After Chronicle of a Blood Merchant, Yu Hua entered his third creative phase, which he has devoted largely to the essay. Lu Xun had also turned to the essay during the latter phase of his writing career, but unlike Lu Xun’s essays, which exposed the social and political ills of his day, Yu Hua’s have been mainly biographical portraits, childhood reminiscences, theoretical discussions on writing and homages to his literary heroes, including Yasunari Kawabata, Franz Kafka, Gabriel García Márquez, William Faulkner and, of course, Lu Xun. In 1994 Yu Hua began cultivating an interest in Western classical music, and in 2000 several of his essays on music were collected in Climax (Gaochao). Yu Hua’s output during this period also includes a short collection of stories, The Boy at Sunset (Huanghun li de nanhai), and a screenplay (cowritten with Ning Dai and Zhu Wen) for director Zhang Yuan’s 1999 award-winning film Seventeen Years (Guonian huijia). One can only hope that in the new millennium Yu Hua will continue adding shades to his already colorful literary palette.

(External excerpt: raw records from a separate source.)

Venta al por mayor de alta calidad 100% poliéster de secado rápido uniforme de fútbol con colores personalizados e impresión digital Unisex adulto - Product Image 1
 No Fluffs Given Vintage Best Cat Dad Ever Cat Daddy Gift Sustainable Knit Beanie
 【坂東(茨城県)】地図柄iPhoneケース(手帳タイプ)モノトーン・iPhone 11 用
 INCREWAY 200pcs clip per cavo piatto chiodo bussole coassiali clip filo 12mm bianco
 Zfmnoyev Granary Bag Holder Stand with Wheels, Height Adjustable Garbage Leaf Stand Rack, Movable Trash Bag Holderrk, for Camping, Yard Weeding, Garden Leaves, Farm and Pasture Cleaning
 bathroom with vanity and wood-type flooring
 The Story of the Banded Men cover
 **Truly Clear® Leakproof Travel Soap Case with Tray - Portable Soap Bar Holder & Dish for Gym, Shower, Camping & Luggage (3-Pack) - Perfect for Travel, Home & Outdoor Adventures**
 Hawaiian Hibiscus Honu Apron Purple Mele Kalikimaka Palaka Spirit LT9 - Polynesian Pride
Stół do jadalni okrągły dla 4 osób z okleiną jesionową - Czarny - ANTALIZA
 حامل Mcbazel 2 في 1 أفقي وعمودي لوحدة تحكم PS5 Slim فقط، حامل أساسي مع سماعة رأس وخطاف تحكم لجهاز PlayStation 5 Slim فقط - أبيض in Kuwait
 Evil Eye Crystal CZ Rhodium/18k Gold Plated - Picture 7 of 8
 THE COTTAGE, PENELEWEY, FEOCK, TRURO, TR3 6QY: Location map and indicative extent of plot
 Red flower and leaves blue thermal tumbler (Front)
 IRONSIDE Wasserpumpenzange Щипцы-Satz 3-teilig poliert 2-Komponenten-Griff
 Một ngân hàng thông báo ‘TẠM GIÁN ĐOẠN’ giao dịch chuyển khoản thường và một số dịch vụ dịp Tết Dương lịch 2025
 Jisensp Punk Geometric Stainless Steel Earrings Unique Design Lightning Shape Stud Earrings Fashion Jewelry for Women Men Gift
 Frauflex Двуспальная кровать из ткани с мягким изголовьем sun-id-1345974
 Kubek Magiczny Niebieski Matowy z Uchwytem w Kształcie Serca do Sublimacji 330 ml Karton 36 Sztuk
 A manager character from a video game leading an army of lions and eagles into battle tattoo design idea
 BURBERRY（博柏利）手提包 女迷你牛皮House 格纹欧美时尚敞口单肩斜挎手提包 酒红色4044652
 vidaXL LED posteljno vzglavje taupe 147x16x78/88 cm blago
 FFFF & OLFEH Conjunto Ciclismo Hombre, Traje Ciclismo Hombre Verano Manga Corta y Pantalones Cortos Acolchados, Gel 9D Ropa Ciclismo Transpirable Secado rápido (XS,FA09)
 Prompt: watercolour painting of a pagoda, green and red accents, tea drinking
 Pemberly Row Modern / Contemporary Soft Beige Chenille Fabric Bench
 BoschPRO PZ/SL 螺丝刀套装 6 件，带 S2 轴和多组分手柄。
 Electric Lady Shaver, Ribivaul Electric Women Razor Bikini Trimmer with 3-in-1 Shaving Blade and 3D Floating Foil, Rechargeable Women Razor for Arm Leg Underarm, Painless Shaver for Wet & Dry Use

Having grown up near hospitals and operating rooms during modern China’s most vicious and chaotic period, Yu Hua has created a fictional reflection of this reality, a world imbued with violence, death and unspeakable cruelty. At the same time, his world is touched by moments of poetic brilliance, a passion for life and sublime beauty — a world where moonlight on a dirt path creates “the illusion that a layer of salt had been sprinkled along it.” Writing is Yu Hua’s reality, and now readers of English will finally be able to enter that reality, in all its beauty and brutality.
NOTES
1 Chinese unit of area equivalent to acre or 0.0667 hectares.
2 Chinese unit of length equivalent to ½ Kilometer or mile.
3 Fengshui, also known as geomancy, is the Chinese art of determining the geographic location of a house, tomb, office, etc., that will have the greatest positive influence on the fortune of the individual, family or company that uses it.
4 Osteomalacia, or ruan gu bing in Chinese. A disease characterized by the softening of the bones. The adult equivalent of rickets.
5 A unit indicating the quantity and quality of labor performed and the amount of payment earned in rural communes.
6 A Chinese unit of weight equivalent to ½ Kilogram or 1⅓ pounds.